An even worse reaction is ridicule. Unusual job titles are meant to make regular jobs sound more exciting and cooler than they really are. But what seems cool now might well invite cringe later, Merriam warns, like a father who calls his kid’s friends “homies,” or Steve Buscemi posing as a teenager and walking into a high school, saying: “How Do You Do, Fellow Kids?”
“Imagine being in your late 50s going into a job interview for the CMO position and having to explain that resume entry as the ‘Associate Growth Rockstar’ for a failed start-up,” Merriam warns. “Most people scrub them from their resumes.”
Sometimes though, the cringe and the invitation to laugh and mock is the point. Lee Monks of the Plain English Campaign, an organization that campaigns against gobbledygook, jargon and misleading public information argues that “the fact that a lot of these titles become items of ridicule draws a lot of publicity. Whether or not bad publicity is better than none is another matter.”
Shapermint, a retailer of women’s underwear, for example, recently announced that it was looking for its “first-ever Chief Mom Officer.” The job, which can be done remotely, will involve championing body positivity and women in the workplace, as well as helping with product innovation, market research, content creation, and brand ambassadorship.
It is, in other words, largely a marketing job, and its announcement on a PR website suggests that the company is looking to use the term to raise its profile. News of the opening spread across both financial websites and sites aimed at moms. By advertising for a “Chief Mom Officer” instead of a social media manager and inviting a discussion about the strange new role, the company was able to win attention and build its brand.
So should a company create unusual job titles or stick with the tried, tested, and dull?
Lee Monk recommends against being creative with job titles… unless you want a few pretentious applicants. Lisa Merriam, whose Fortune 500 and private equity-backed companies tend to be more focused on building value than looking cool, recommends prioritizing clarity. “The purpose of the title is primarily to identify function and role within a larger team. When title gets in the way of clarity, it is a fail. If you can inject a little personality without impinging on clarity, maybe give it a try. In general, efforts and brand building and culture building are best made elsewhere.”
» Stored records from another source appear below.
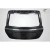 2007-2015 MINI Cooper OEM Look Carbon Fiber Trunk - image 13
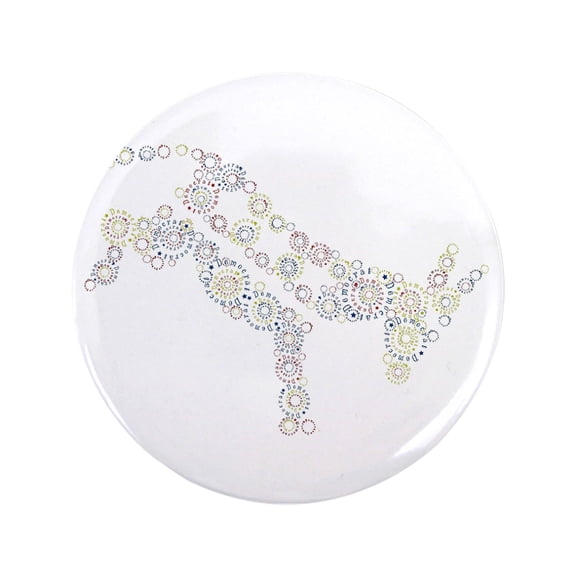 CafePress - Democrat Button - 3.5" Button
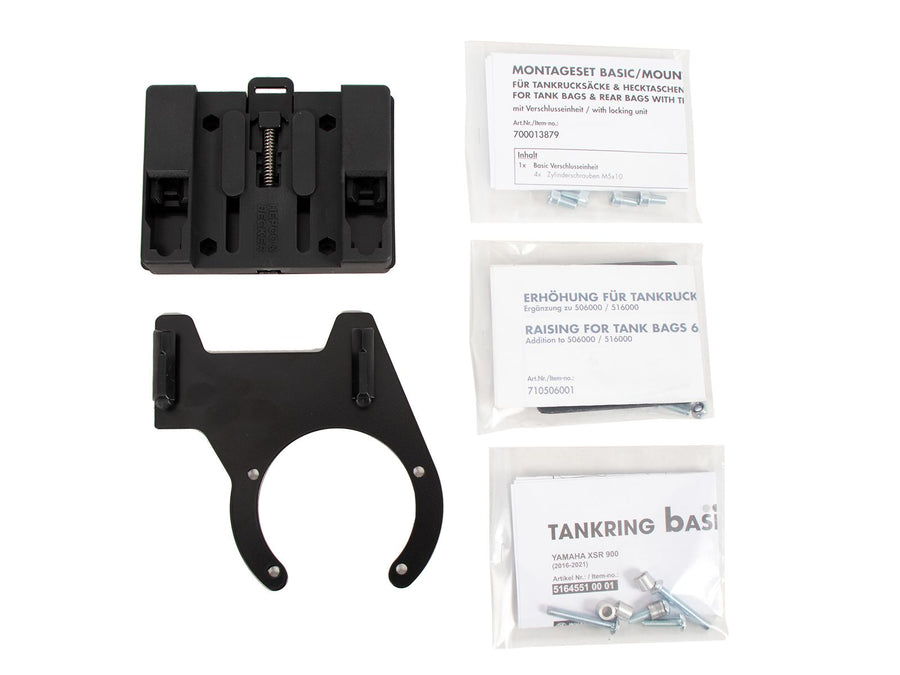 Yamaha XSR 900 [2016-2021] - Tankring Basic que incluye el saco de tanque contraparte
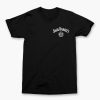 Tops Licensed | Jack Daniel'S Graphic Tee Black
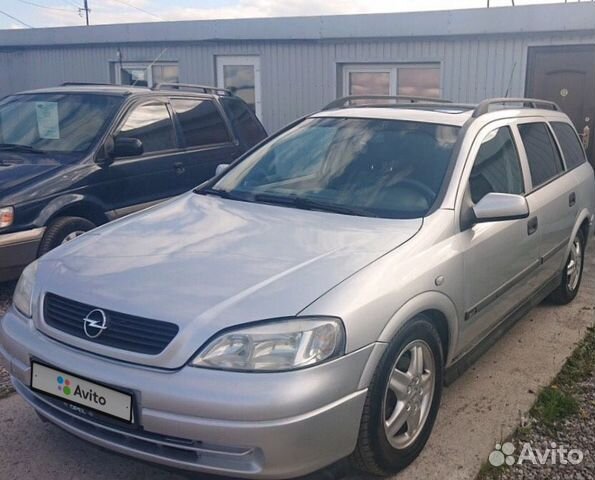 Opel Astra 2.0 AT, 1999, 260 000 км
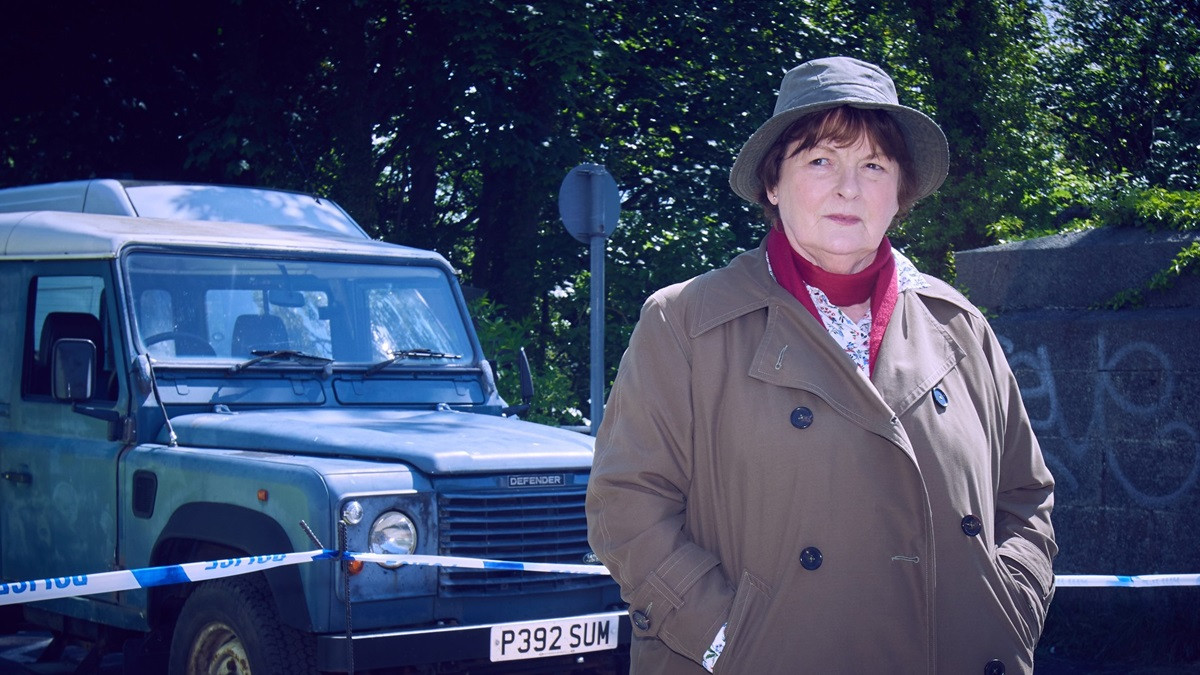 La detective Vera Stanhope in Vera La detective Vera Stanhope in Vera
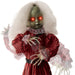 Haunted Holly Animatronic Roaming Doll Halloween Decoration w/ Light-Up Eyes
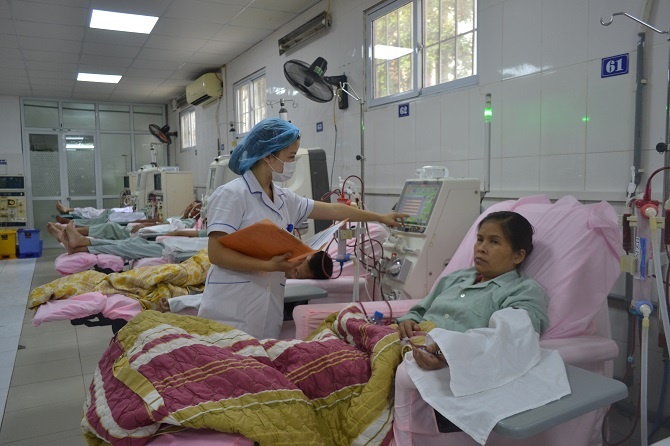 Nganh y te san sang truoc tai nan, ngo doc, cap cuu hang loat dip Tet hinh anh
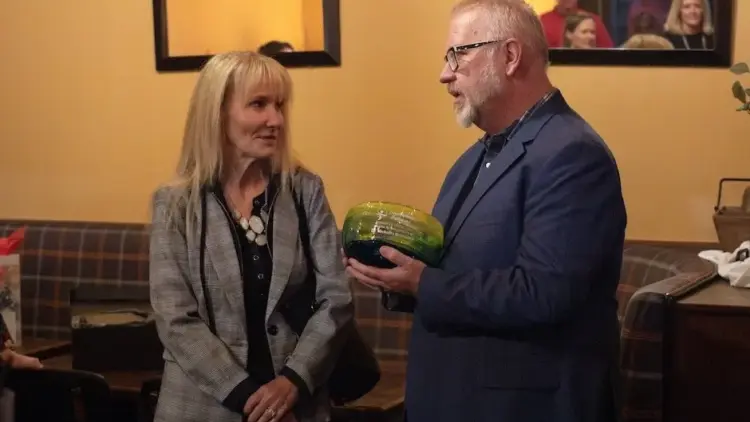 Developmental Pathways Honors Departing Board Member Dr. Michaela McDonnell with Lifetime Achievement Award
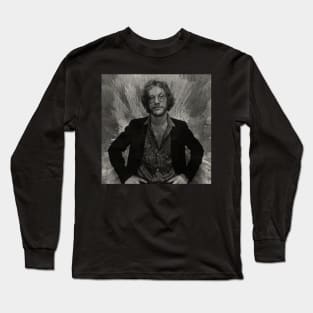 Warren Zevon Long Sleeve T-Shirt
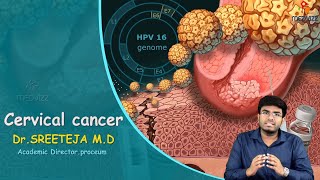 Cervical Cancer part 1  Obstetrics and gynaecology Video lectures Version 20  Medvizz app [upl. by Asirap]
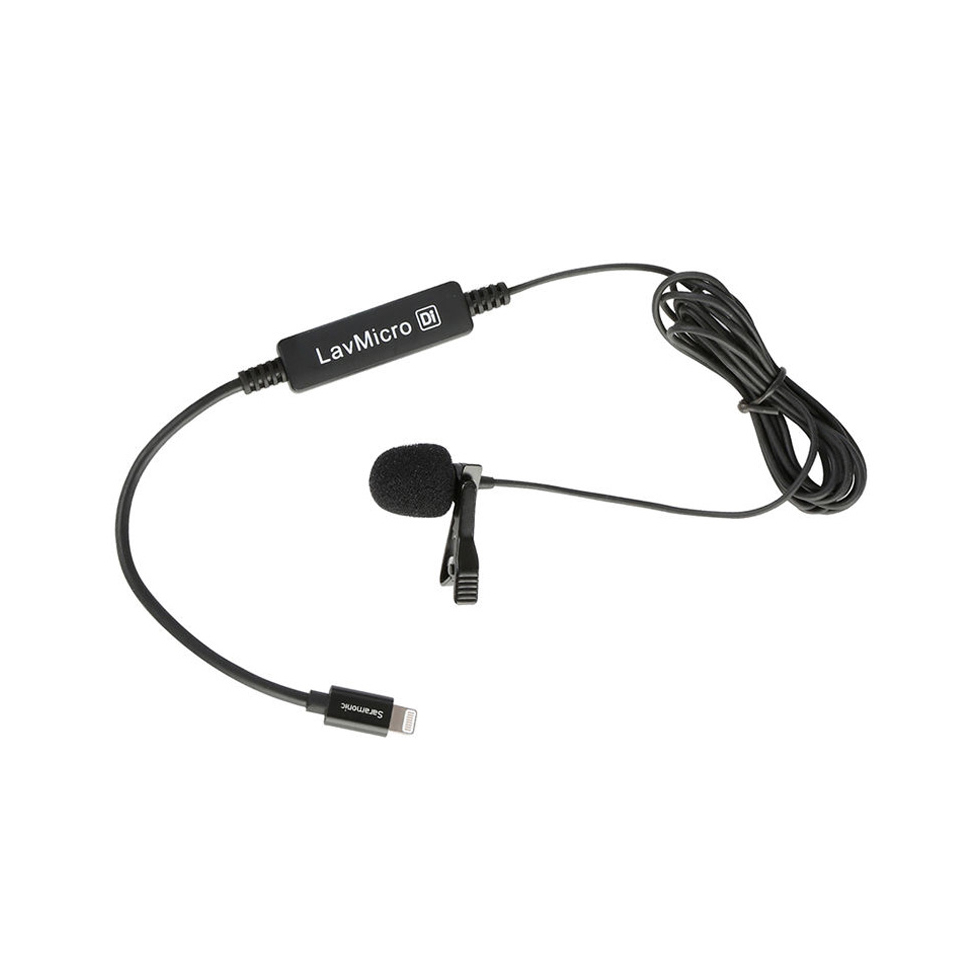 LavMicro Di петличный микрофон Saramonic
Begin then by deciding why you’re creating an unusual job title. If you’re only doing it to be different and to make an otherwise regular job sound cooler and more unusual than it is, then you should think again. You’ll have fewer applicants in general, and fewer female applicants in particular. You’ll also put off both experienced older workers and new graduates looking for their first job. You’ll confuse customers and employees who will wonder why the company doesn’t have any customer service representatives or aren’t clear from the company’s job title who’s responsible for which functions.
But if you’re producing a position that isn’t closely linked to a team and doesn’t require the employee to explain to members of the public what exactly they do, then a creative job title might be a useful way of attracting publicity. Come up with something fun and vaguely ridiculous, and tell the world about it.
You can also copy Elon Musk’s idea. No one either inside the company or outside might understand the responsibilities of the “Technoking of Tesla” but Musk did retain the title of chief executive. It’s still clear who’s in charge. There’s no law saying that your company can’t have a “customer care evangelist” but there’s also no law saying that workers can’t have more than one title: a strange one to build the culture and a sensible one to ensure smoothing functioning.
“Most people find such titles amusing and can see the funny side,” says Lee Monk. “But then again we do need to poke fun at something in our yearly awards.”